The kinetics and mechanism of methanol dehydration, redox, and oxidative coupling were investigated at 300 °C under dilute oxygen concentration over anatase TiO2 nanoplates and truncated-bipyramidal nanocrystals in order to understand the surface structure effect of TiO2. The two TiO2 nanoshapes displayed both (001) and (101) facets, with a higher fraction of the (001) facet exposed on the nanoplates, while truncated-bipyramidal nanocrystals were dominated by the (101) facet. A kinetic study using in situ titration with ammonia shows that the active sites for methanol dehydration are acidic and nonequivalent in comparison to redox and oxidative coupling. In situ FTIR spectroscopy reveals that adsorbed methoxy is the dominant surface species for all reactions, while the observed methanol dimer is found to be a spectator species through isotopic methanol exchange, supporting the dissociative mechanism for methanol dehydration via surface methoxy over TiO2 surfaces. Density functional theory calculations show that the formation of dimethyl ether involves the C–H bond dissociation of an adsorbed methoxy, followed by coupling with another surface methoxy on the 5-fold-coordinated Ti cations on the (101) surface, similar to the mechanism reported on the (001) surface. Kinetic isotope effects are observed for dimethyl ether, formaldehyde, and methyl formate in the presence of deuterated methanol (CD3OH and CD3OD), confirming that the cleavage of the C–H bond is the rate-limiting step for the formation of these products.

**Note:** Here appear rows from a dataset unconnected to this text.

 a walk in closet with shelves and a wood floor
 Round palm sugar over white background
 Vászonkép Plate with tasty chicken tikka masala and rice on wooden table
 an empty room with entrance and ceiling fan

A comparison between estimated kinetic parameters for methanol dehydration over various TiO2 nanocrystals suggests that (001) has a higher dehydration reactivity in comparison to (101), but the surface density of active sites could be limited by the presence of residual fluorine atoms originating from the synthesis. The (001) surface of TiO2 is also more active than the (101) surface in redox and oxidative coupling of methanol, which is due to the reactive surface oxygen on (001) in comparison to the (101) surface.